(Task instructions): Write each line out a second time, exactly as shown below.

----- Dataset content

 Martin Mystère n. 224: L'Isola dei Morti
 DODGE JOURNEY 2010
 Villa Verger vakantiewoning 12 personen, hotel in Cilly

----------

(Exercise output):
 Martin Mystère n. 224: L'Isola dei Morti
 DODGE JOURNEY 2010
 Villa Verger vakantiewoning 12 personen, hotel in Cilly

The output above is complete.